Now, first the basics… Reports of hominoid cryptids (slang for cryptozoological animal, cryptozoology itself means the study of mythical or legendary animals whose existence is disputed or unsubstantiated such as the Yeti and the Lochness monster) are not new. They have been reported from each and every continent (except maybe Antarctica). The Yeti and the Bigfoot are just two of the most famous ones, the former because of Sir Edmund Hillary’s claim to have seen footprints in the snow on the way to Mt. Everest and the latter … well just because its American!!

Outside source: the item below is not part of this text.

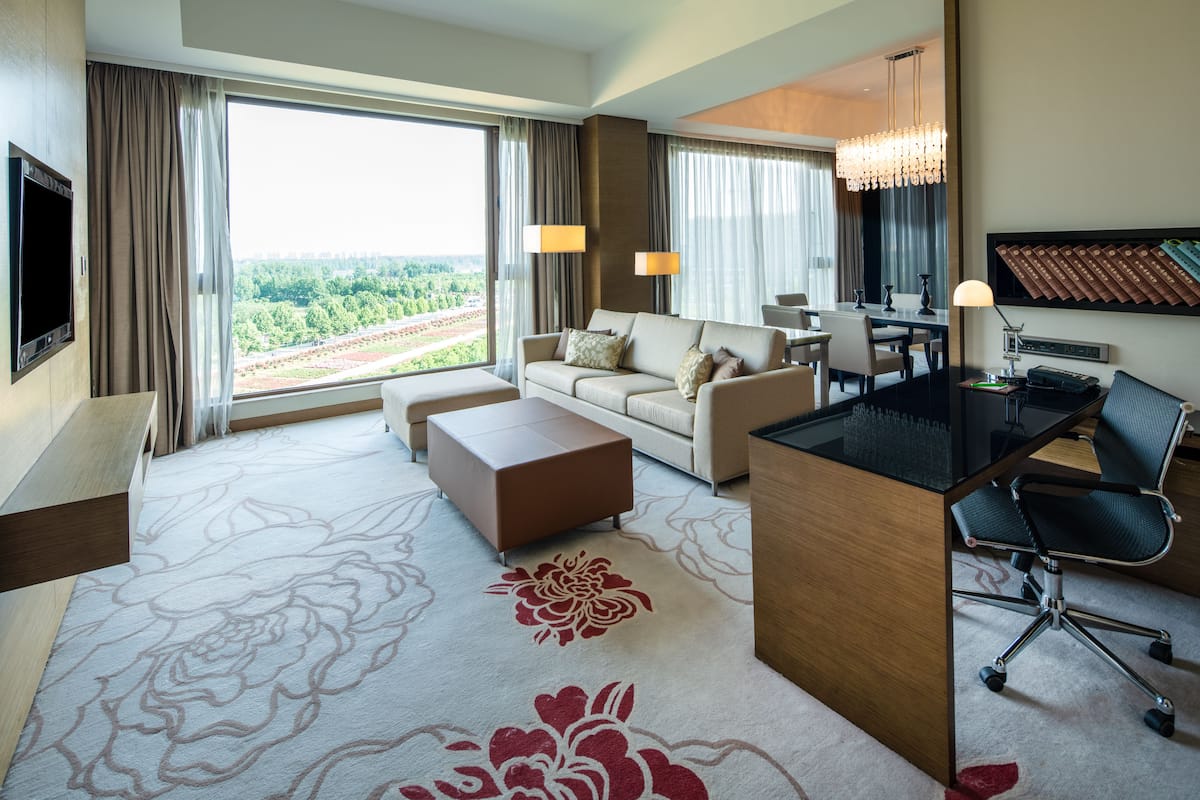 1 bedroom, minibar, in-room safe, desk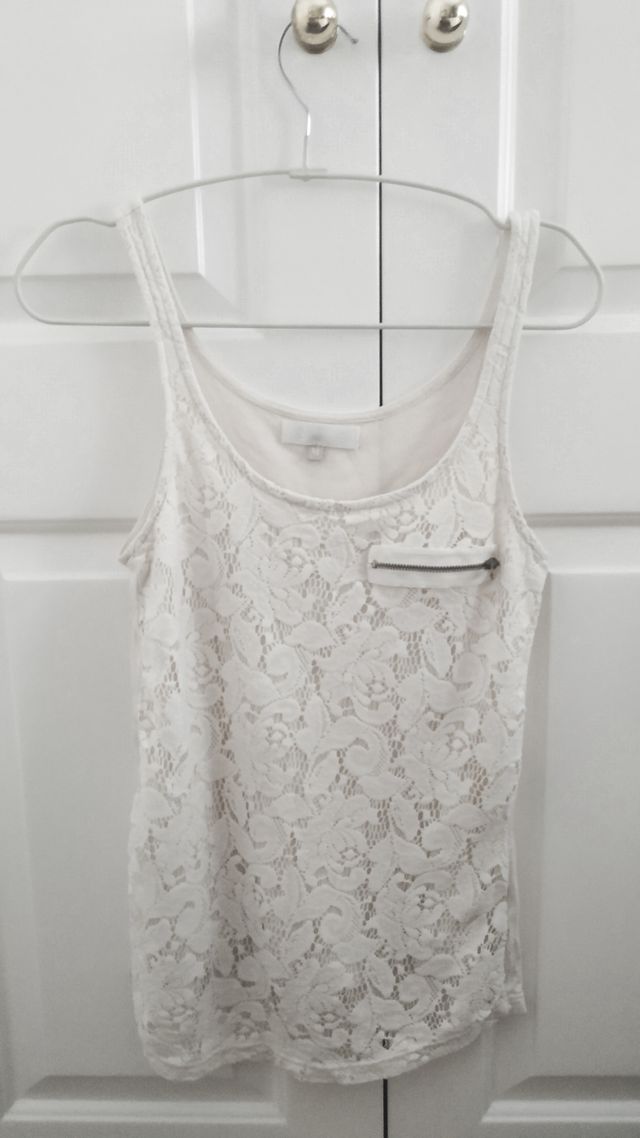 Camiseta Bershka encaje blanco Talla M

Okay so what about this creature? First, lets get the orthography right because BBC and Mr Lawson really screwed up on that. In the Garo language the creature is called mande (man) burung/buring (forest) which is self explanatory and not mande barung as reported by the BBC. Locals have always known about this creature, a 3m tall and 300 kilograms black and grey ape-like animal. The sudden renewal of interest seems to have been the handiwork of the Achik Tourism Society, an organisation run by a few hardcore believers.
Or maybe it isn’t that simple.
You have to admit they are creating the perfect advertising campaign to attract the Yeti, Sasquatch and Bigfoot crowd to remote Garo Hills. Money does talk Mr. Dipu Marak, doesn’t it?
Oh, you’re still reading. That proves you have an open mind and are willing to believe (albeit with a pinch of salt) the testimony of local eyewitnesses. Here is a sample. Well if you discount some of the really crazy stories like a man being kidnapped by a female mande burung, being kept in a nest for three days and being forcibly suckled with “bitter and sour tasting milk”, most of the other stories have a great deal of uniformity at least in the description of the creature. The region where it is reported from, the Nokrek Biosphere Reserve and the Balpakram National Park are both truly remote areas. Steep and rocky mountains, gorges, thick tropical jungles and vast network of underground caves formed because of the limestone deposits make it unusually difficult to traverse. I haven’t seen tougher terrain anywhere else in the northeast. It’s not easy to completely discount the existence of an unknown animal in such surroundings.
Mistaking animals for such creatures are not uncommon and have happened before. In many cases it has turned out to be a bear. The footprints of a bear too are eerily similar to that of human or hominid footprints. In this area of the Garo Hills, the two species of bears that are found are the Asiatic Black Bear (Ursus thibetanus) and the Malayan Sun Bear (Helarctos malayanus). Of them, the former is larger and could be mistaken for a creature of this sort.
There is however an even more intriguing possibility. It could be one of the last surviving members of the prehistoric giant ape Gigantopithecus blackii, remains of which were found in China and Vietnam and is thought to have been geographically distributed across southeast Asia. There are other ancient hominids of the same nature which were thought to have roamed across southeast Asia and India not very long back. They are Meganthropus palaeojavanicus and Pithecanthropus erectus (later known as Homo erectus, the Java Man). Pithecanthropus was announced in 1894 and was initially thought to be the ‘missing link’. Either way, this isn’t the end of the story. And something tells me even if the DNA tests show that those strands of hair belong to a bear or a serow, some people will still keep searching. I am one of them.